■ Items from a dataset
>>>
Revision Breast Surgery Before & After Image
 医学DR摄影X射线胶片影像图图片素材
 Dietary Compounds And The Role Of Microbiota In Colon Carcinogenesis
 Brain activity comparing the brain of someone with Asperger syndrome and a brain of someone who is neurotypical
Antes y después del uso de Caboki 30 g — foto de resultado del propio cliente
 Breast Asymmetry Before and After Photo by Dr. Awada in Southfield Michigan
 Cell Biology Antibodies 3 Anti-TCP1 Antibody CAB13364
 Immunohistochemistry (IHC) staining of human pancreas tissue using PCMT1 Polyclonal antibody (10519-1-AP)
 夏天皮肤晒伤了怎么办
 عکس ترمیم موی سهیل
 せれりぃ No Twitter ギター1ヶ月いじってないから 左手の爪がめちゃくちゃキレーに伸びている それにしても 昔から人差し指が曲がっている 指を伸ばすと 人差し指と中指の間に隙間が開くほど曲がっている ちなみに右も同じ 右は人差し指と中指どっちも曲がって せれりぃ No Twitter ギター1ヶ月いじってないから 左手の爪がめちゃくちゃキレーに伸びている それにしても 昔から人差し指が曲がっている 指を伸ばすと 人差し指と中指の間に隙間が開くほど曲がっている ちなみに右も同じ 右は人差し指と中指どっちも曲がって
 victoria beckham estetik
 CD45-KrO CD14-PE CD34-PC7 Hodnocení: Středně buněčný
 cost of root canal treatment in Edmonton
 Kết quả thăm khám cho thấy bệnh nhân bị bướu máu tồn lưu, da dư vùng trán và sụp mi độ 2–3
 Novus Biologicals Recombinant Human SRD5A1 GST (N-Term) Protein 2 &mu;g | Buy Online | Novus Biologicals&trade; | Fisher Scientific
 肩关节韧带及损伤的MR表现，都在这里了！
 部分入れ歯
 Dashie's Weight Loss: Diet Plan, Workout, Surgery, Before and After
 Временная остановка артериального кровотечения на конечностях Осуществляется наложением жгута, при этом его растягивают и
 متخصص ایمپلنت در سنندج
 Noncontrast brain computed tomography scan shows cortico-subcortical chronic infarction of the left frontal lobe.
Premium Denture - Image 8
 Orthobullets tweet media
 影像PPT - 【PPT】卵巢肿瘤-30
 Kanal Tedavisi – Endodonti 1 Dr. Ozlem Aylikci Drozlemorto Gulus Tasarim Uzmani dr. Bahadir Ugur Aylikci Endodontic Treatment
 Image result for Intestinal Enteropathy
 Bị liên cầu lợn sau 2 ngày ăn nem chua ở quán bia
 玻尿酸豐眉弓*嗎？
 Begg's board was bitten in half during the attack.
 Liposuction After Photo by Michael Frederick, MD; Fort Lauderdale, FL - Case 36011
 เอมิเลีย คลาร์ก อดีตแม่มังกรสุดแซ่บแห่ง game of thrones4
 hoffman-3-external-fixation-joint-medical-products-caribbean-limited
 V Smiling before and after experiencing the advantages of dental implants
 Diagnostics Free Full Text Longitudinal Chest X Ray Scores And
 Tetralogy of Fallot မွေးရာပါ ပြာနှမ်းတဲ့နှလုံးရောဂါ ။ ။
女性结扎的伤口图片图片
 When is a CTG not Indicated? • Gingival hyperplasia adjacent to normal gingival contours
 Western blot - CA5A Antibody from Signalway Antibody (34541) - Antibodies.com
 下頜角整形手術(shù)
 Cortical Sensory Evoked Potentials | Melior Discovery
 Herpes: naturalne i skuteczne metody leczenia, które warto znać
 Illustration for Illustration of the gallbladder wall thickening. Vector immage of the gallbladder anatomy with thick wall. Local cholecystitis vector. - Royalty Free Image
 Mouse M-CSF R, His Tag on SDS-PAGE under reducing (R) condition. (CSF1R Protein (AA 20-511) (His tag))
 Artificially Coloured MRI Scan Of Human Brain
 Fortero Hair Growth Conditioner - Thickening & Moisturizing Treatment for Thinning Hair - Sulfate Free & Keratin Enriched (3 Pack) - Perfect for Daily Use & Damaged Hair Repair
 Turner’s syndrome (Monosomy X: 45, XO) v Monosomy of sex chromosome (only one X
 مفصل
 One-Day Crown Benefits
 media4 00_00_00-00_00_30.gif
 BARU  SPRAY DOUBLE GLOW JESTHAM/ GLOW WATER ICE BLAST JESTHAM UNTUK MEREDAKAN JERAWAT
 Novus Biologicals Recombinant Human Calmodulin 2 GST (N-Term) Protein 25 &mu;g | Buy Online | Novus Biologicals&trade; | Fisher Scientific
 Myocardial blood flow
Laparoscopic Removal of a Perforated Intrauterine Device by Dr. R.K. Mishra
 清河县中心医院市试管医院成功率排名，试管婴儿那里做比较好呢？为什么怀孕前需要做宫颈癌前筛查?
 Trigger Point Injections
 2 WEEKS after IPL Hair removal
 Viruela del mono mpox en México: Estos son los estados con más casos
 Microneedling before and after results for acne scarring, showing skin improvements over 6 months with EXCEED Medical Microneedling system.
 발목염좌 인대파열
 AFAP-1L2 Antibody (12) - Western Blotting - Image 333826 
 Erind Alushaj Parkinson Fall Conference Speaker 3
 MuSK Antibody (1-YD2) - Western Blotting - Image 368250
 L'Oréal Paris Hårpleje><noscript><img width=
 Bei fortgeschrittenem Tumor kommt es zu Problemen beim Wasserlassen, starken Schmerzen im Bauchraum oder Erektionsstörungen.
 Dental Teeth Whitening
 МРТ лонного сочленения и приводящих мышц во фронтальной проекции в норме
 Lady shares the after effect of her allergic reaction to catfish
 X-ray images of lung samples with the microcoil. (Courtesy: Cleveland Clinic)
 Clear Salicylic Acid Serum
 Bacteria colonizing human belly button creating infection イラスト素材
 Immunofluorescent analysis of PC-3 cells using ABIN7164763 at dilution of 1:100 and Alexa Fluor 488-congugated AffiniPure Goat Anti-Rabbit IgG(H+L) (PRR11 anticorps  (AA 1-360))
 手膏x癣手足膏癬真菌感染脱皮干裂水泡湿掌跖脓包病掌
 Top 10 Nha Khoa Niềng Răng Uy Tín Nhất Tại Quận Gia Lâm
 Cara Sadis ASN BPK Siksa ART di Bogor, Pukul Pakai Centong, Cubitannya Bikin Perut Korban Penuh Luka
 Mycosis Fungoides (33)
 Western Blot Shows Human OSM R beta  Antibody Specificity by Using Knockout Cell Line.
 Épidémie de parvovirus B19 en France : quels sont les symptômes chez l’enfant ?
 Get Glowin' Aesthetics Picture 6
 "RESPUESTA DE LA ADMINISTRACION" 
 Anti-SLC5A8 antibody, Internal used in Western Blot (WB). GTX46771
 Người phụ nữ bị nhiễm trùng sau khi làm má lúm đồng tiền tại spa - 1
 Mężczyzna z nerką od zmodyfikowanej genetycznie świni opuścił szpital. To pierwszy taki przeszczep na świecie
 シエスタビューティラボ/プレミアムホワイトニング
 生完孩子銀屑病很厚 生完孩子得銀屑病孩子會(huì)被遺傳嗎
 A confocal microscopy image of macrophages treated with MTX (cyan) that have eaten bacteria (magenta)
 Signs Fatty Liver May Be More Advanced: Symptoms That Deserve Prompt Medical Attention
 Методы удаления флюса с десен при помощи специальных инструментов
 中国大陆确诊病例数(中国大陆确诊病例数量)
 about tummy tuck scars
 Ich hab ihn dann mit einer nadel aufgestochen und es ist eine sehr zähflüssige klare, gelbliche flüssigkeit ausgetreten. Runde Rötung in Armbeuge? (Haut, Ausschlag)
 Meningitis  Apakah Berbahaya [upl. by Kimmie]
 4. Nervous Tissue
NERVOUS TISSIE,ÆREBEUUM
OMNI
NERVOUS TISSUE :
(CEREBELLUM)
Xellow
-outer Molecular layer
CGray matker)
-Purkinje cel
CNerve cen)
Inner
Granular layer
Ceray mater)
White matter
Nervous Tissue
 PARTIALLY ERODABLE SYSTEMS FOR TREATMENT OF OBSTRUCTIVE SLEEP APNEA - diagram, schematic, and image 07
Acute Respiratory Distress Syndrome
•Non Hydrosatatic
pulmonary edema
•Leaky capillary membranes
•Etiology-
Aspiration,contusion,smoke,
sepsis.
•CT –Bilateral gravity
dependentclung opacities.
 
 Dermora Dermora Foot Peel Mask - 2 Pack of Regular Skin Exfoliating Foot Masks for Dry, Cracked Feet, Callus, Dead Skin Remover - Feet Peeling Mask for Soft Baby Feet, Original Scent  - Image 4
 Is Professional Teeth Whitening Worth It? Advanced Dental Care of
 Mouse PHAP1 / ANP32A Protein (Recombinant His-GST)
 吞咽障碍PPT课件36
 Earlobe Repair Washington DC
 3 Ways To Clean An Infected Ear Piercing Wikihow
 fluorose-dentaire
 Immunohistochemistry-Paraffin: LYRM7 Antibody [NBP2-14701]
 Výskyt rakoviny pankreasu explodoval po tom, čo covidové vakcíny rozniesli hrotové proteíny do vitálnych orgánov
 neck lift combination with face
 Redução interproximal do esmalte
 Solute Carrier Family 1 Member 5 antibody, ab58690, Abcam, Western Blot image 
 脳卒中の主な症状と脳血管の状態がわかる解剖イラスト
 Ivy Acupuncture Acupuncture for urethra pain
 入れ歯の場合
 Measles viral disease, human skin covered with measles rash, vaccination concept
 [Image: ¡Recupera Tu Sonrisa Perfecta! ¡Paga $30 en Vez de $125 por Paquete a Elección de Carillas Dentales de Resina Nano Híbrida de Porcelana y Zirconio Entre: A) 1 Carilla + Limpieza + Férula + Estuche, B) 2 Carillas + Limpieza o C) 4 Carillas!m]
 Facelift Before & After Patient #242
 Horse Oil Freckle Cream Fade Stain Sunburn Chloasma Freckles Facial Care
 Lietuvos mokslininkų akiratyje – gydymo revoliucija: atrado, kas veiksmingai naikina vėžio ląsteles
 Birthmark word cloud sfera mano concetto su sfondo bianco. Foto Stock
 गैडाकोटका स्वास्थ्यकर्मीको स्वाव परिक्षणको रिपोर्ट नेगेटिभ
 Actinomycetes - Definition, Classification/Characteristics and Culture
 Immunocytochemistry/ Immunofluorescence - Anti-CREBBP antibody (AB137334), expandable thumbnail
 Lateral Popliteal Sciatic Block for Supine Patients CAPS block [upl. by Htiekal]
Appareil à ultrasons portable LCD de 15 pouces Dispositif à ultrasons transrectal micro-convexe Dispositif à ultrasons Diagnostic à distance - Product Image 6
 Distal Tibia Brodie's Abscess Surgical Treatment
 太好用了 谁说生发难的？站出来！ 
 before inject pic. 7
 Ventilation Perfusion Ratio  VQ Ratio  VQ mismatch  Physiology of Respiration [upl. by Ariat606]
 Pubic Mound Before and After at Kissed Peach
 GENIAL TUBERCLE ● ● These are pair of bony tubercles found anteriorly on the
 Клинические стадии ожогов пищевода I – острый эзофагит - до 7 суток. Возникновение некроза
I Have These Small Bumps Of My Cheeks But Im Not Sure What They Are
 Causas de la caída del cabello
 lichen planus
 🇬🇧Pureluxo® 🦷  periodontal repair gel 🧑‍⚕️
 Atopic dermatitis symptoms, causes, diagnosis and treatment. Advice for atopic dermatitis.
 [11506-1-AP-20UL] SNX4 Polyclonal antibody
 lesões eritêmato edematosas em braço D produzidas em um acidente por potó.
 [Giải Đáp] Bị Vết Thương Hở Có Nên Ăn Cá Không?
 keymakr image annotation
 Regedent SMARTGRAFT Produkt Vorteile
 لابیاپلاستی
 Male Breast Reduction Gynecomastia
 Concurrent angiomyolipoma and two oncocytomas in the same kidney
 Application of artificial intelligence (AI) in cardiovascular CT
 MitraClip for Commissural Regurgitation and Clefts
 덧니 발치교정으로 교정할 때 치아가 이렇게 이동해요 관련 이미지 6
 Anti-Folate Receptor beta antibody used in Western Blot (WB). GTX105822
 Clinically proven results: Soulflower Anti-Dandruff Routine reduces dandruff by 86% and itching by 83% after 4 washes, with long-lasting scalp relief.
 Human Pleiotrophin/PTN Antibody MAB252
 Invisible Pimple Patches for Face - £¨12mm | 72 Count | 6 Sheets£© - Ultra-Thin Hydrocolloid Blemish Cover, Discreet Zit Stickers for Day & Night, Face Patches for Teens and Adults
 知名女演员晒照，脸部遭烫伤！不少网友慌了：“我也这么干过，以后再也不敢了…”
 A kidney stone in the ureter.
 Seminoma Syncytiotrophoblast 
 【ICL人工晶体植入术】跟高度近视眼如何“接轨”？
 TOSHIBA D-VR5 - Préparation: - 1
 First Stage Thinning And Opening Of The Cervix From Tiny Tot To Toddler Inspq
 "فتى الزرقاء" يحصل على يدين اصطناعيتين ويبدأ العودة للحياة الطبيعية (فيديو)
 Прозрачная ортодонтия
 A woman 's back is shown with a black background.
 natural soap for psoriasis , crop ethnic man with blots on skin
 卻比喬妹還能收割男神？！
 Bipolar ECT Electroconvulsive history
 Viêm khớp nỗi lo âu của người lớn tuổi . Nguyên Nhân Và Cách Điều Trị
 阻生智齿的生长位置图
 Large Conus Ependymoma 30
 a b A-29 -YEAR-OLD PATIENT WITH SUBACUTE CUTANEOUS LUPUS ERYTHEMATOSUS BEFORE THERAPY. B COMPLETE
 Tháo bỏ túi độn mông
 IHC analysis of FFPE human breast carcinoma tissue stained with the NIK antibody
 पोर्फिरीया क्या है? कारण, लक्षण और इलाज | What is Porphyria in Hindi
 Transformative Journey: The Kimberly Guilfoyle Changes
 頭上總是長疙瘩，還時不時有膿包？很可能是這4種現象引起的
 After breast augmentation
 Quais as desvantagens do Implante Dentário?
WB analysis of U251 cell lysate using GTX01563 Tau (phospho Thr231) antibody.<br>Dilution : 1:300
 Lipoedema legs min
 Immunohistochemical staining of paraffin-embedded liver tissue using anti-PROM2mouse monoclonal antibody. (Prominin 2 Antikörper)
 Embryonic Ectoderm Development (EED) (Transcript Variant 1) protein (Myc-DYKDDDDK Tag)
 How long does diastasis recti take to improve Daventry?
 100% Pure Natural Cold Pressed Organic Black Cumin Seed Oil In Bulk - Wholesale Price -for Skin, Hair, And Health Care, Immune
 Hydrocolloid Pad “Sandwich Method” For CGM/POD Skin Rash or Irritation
<<<
■ TRY IT
The answer is the lines above between the line holding "pulmonary edema" and the line holding "dependentclung opacities.", inclusive, each written out exactly, and no others.

■ RESULT FOR THIS TASK
pulmonary edema
•Leaky capillary membranes
•Etiology-
Aspiration,contusion,smoke,
sepsis.
•CT –Bilateral gravity
dependentclung opacities.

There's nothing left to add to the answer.